Available Versions: 2.0.0 | 1.0.0 (current)

Description

Splits a table document into one chunk per row. The input can be a CSV, XLSX, or a markdown table. The output is a list of chunks, each containing a row of the table.

Configuration Options

No configuration options available.

Inputs

NameData TypeDescription
fileFile or strTable data source. Supports File objects for CSV/XLSX/documents, or markdown table strings. Documents are converted to tables using document intelligence

Outputs

NameData TypeDescription
chunkslist[Chunk]Array of chunk objects, one per table row. Each chunk contains JSON-serialized row data with column names as keys and cell values as values

Version History

  • 2.0.0 - Native implementation
  • 1.0.0 (Current) - Native implementation

Examples

blocks:
  - name: process_customer_data
    type: RowChunk
    input:
      file: "customer_records.csv"

# Input CSV structure:
# customer_id,name,email,signup_date,total_orders
# cust_001,John Doe,john@example.com,2024-01-15,5
# cust_002,Sarah Smith,sarah@example.com,2024-02-20,12
# cust_003,Mike Johnson,mike@example.com,2024-03-10,3

# Output: 3 chunks with JSON content like:
# Chunk 0: {"customer_id": "cust_001", "name": "John Doe", "email": "john@example.com", "signup_date": "2024-01-15", "total_orders": 5}
# Chunk 1: {"customer_id": "cust_002", "name": "Sarah Smith", "email": "sarah@example.com", "signup_date": "2024-02-20", "total_orders": 12}
# Chunk 2: {"customer_id": "cust_003", "name": "Mike Johnson", "email": "mike@example.com", "signup_date": "2024-03-10", "total_orders": 3}

Error Handling

Unsupported File Type

Error Code
BlockError
Common Cause
File extension is not supported for table processing
Solution
Use supported formats: CSV, XLSX, or document formats (PDF, DOCX, images) that can be converted to tables

Table Parse Error

Error Code
ValueError
Common Cause
Invalid table structure or corrupt file data that cannot be parsed
Solution
Ensure file contains valid table data with consistent column structure and readable format

Document Intelligence Error

Error Code
ServiceError
Common Cause
Document intelligence service fails to convert document to markdown table format
Solution
Verify document intelligence service is available and document contains recognizable table structures

FAQ

What file formats are supported for table processing?

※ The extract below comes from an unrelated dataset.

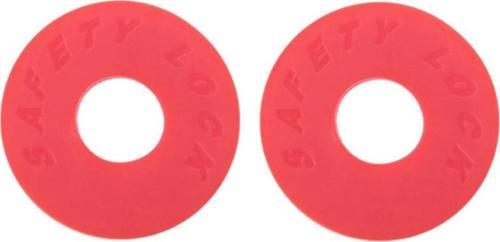 Rj2503-Rd Strap Locks 2 Adet - Gitar Askısı Kiliti G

Direct support for CSV and XLSX files. Document formats (PDF, DOCX, PPTX, images) are converted to markdown tables using document intelligence. Markdown table strings can also be processed directly.

How does the block handle mixed data types in columns?

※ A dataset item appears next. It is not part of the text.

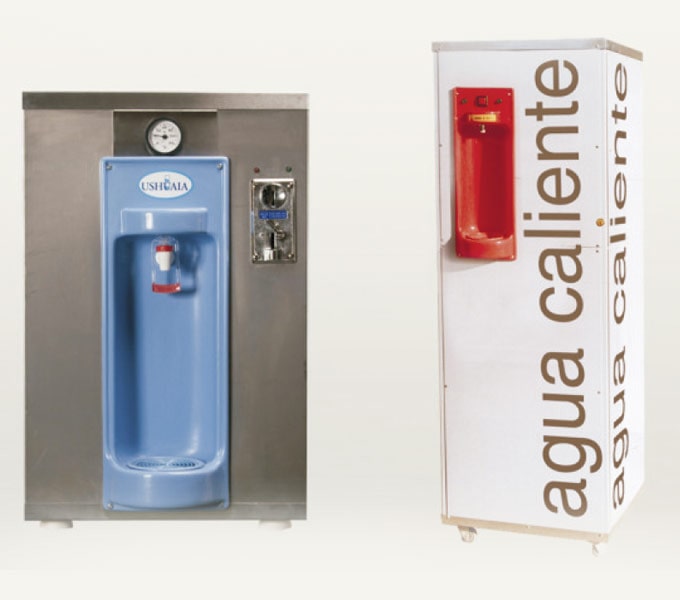 Dispenser agua pura caliente en capital federal caba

The block automatically converts columns with mixed data types to strings to ensure consistent JSON serialization. This prevents data type conflicts while preserving the original values as readable text.

What happens with empty or null values in table cells?

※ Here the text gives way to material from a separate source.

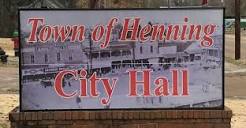 Town Of Henning Overcomes Big Financial Challenges | radio NWTN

Empty rows (where all cells are null/NaN) are skipped entirely. Individual null cells are preserved as null values in the JSON output, maintaining the original data structure.

How are Excel files with multiple sheets handled?

All sheets in the Excel file are processed sequentially. Each row from every sheet becomes a separate chunk, with the chunk index continuing across sheets rather than resetting.

Can this block handle large tables efficiently?

The block processes tables row-by-row using pandas iterrows(), which is memory-efficient for large datasets. However, very large files may benefit from pre-processing into smaller chunks before using this block.